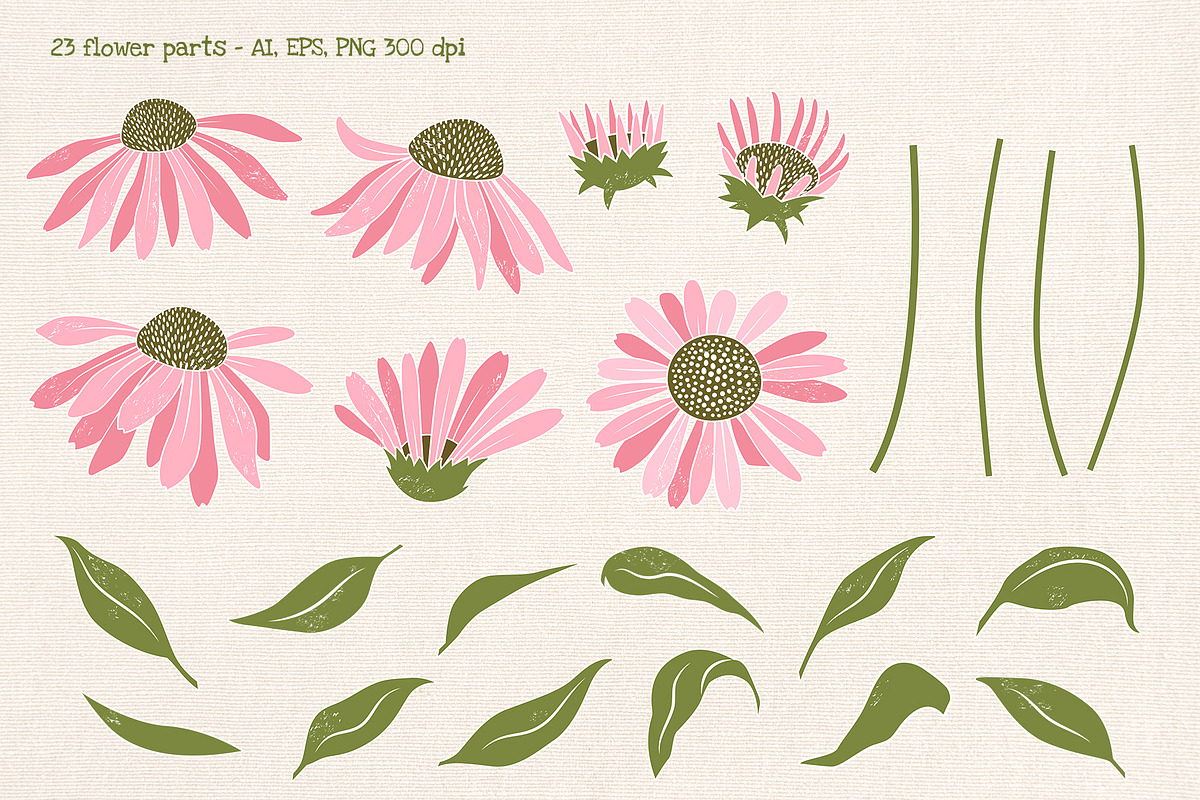 Coneflower Bloom Vector Clipart, an Illustration by Hanna's ArtLab (Photo 3 of 9)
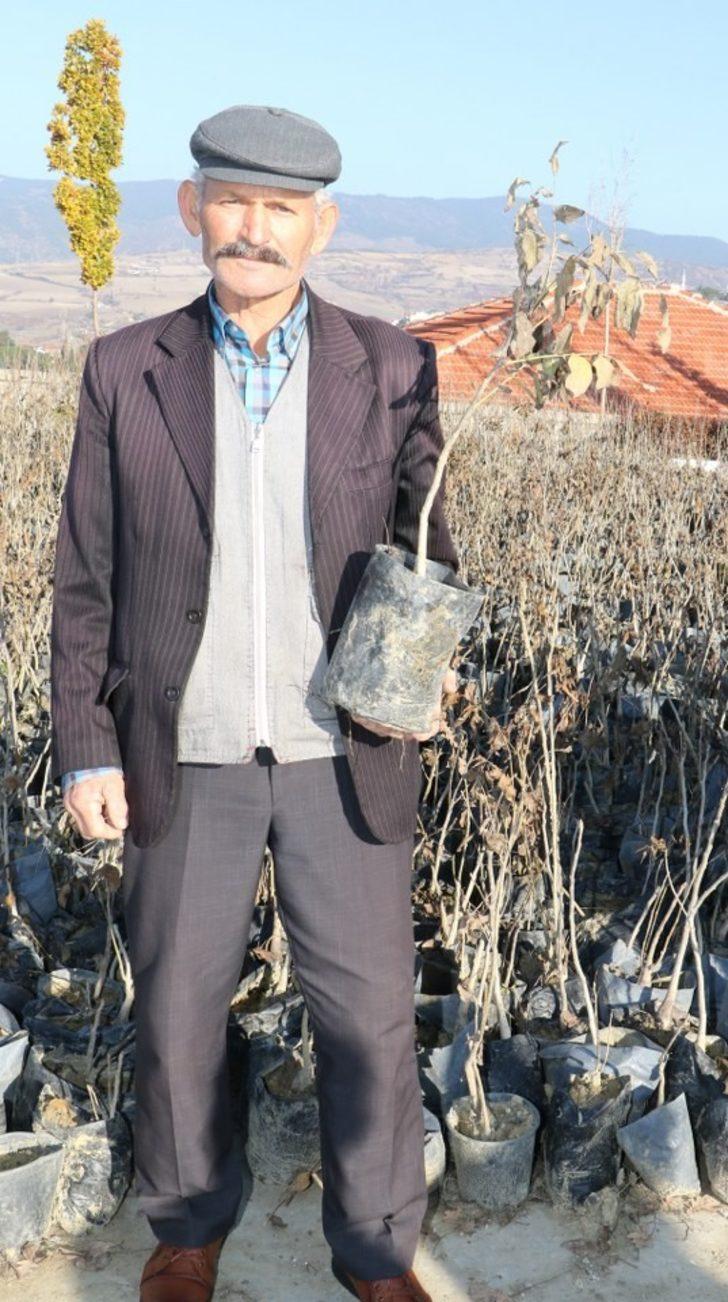 Demirci’de üreticilere ceviz desteği G4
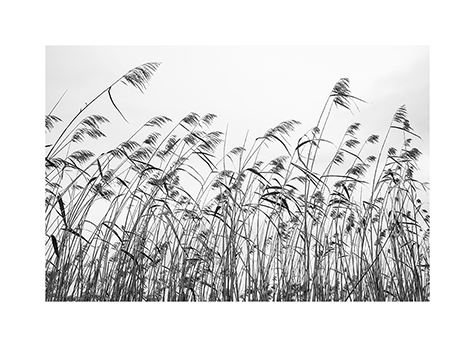 Gras im Wind in Spanien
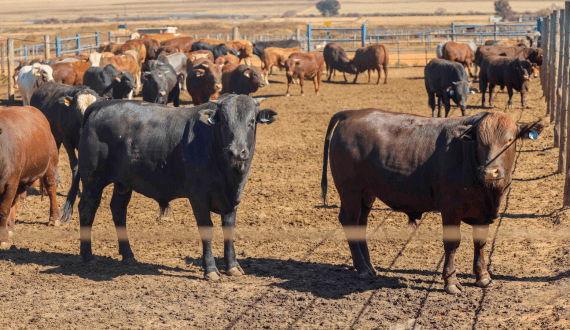 Thumbnail for South African livestock farmers face rising Foot and Mouth disease outbreaks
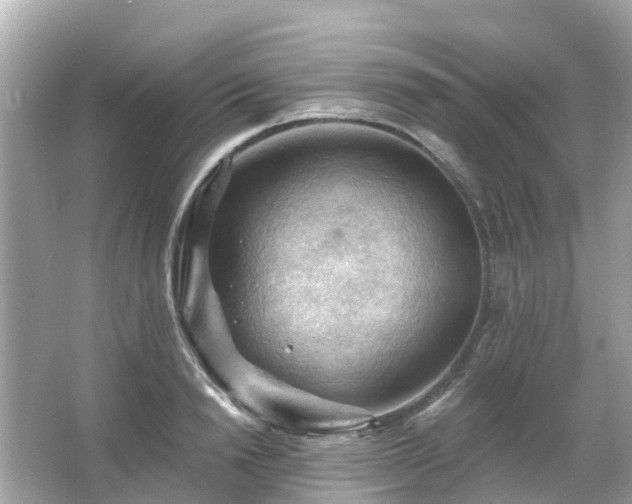 X0000066090846200603131202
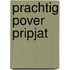 Prachtig pover Pripjat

TASK ITEM
Set down all entries above again, exactly, without images.

COMPLETED EXERCISE
 Coneflower Bloom Vector Clipart, an Illustration by Hanna's ArtLab (Photo 3 of 9)
 Demirci’de üreticilere ceviz desteği G4
 Gras im Wind in Spanien
 Thumbnail for South African livestock farmers face rising Foot and Mouth disease outbreaks
 X0000066090846200603131202
 Prachtig pover Pripjat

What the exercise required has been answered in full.